> _WHAT YOU NEED TO DO_: From the line that contains "Ensalada Lenteja escondida" down to the final line below, please repeat each line exactly and nothing more, with no pictures.

> _COLLECTED DATA_:
------------------------------------------------------------------------

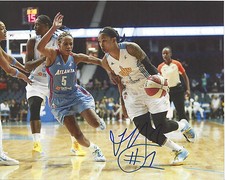 TAMERA YOUNG Signed 8 x 10 Photo WNBA Chicago Sky Basketball JAMES MADISON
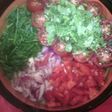Ensalada Lenteja escondida con decoración de rojos y verdes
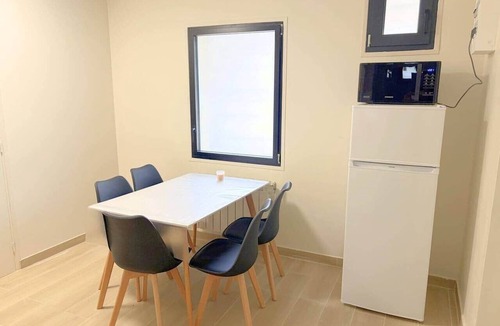 Noisy-le-Grand Apartment | Qhome 8 - Cozy 2-Bedroom Apartment Between Paris and Disney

------------------------------------------------------------------------

> _ANSWER TO THIS PROBLEM_:
Ensalada Lenteja escondida con decoración de rojos y verdes
 Noisy-le-Grand Apartment | Qhome 8 - Cozy 2-Bedroom Apartment Between Paris and Disney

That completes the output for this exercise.